Tag Archives: changes

life in beta version

8 Jun

These days I set myself a new goal: to simplify my life. From the beginning of this year everything was going crazy and stuff just piled up and i found myself surrounded by all sorts of “clutter”. The pressure was high and still is. Every decision i have to take is consuming me as i try to take things seriously, especially those affecting my future, trying to come up with solutions to please all or at least many.

Sometimes i take a decision and try to stick on it, sometimes i second guess me.I think 2011 was (so far anyway) the year of choices for me. from little things that “just happened” to big decisions involving also people around me, people who care deeply about me and who i don’t wish to hurt whatsoever. but are hurt as the situations flow ahead, without my control.

I have to learn to see what is important to me and what makes me better and discover the “forward path”, without taking or considering even the sideway exits.

It’s a kind of  “voluntary simplicity” or a “focused simplicity” morelike. Life will always be crazy and hard, but i need to keep my mind set and unslipperish, need my concentration to be at the highest level in order to obtain more from a “focused” me.

Maybe i don’t even have the concept of “keep it simple” and i am made for this insane rhythm, this is what boosts my energy. But i am tired and i wish that things could be simpler, no more cloudless or haze. I enjoy my life to the fullest, taking what’s best from it, but i realize that all this maze of decisions isn’t good for anybody and i end up more surprised of me than others, not enjoying so much the whole life thing as i thought, cause my life is a constant drama which i enjoy like a masochist (figure of speech, doh! 🙂 )

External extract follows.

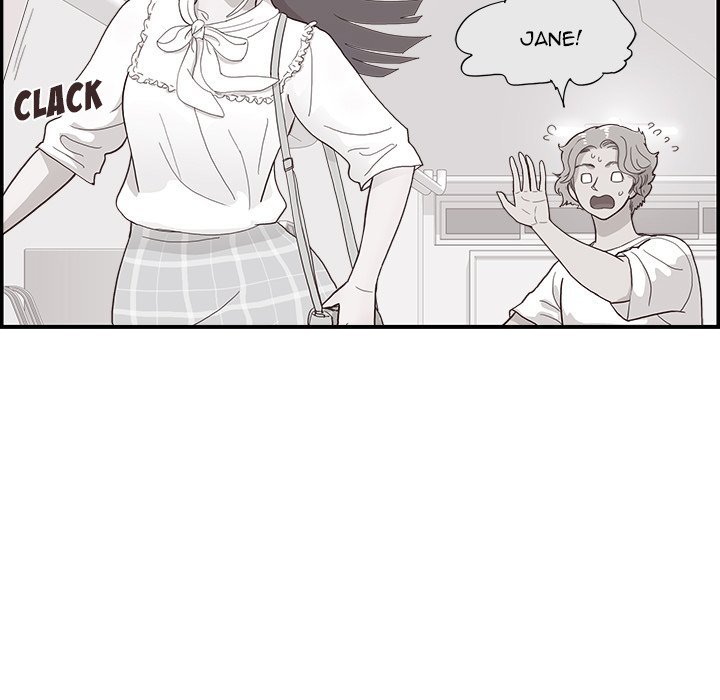 His Women's University Manhwa - Chapter 125 Page 40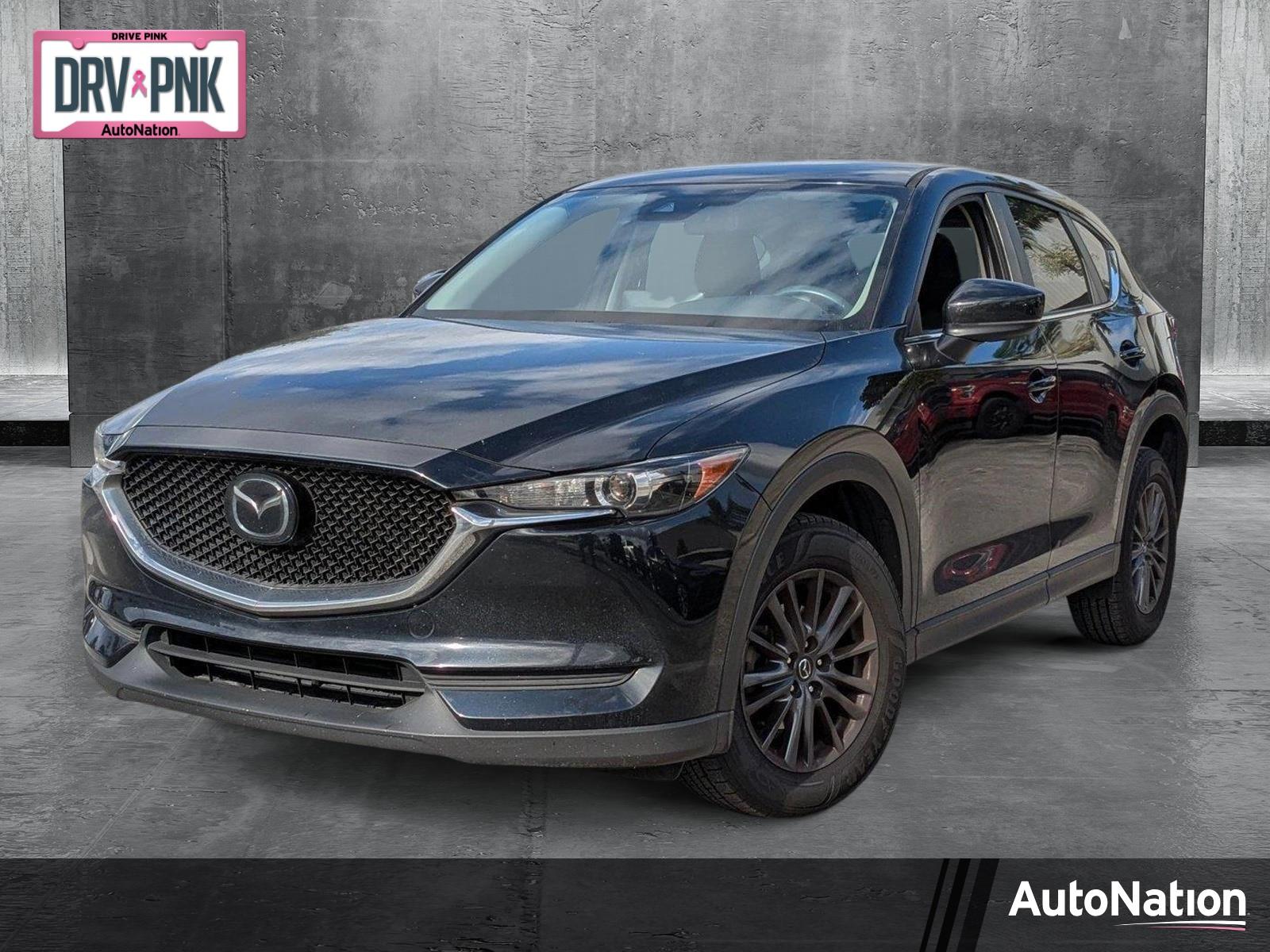 2021 Mazda CX-5 Vehicle Photo in Miami, FL 33015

It’s high time to reconsider and to keep an open and clearer mind set and try to leave behind the constant stress and chaos of decision-making. It’s hard and i’ll definitely miss “my complications” in a life that is now so packed to the hilt .

What i’m saying is that i want to get rid of this general feeling of uneasiness, ME supporting my decisions and use this new-released energy to tackle one provocation at a time, be aware of what solid is, by letting aside the critical situations which i needed so much..try to stop shuffling.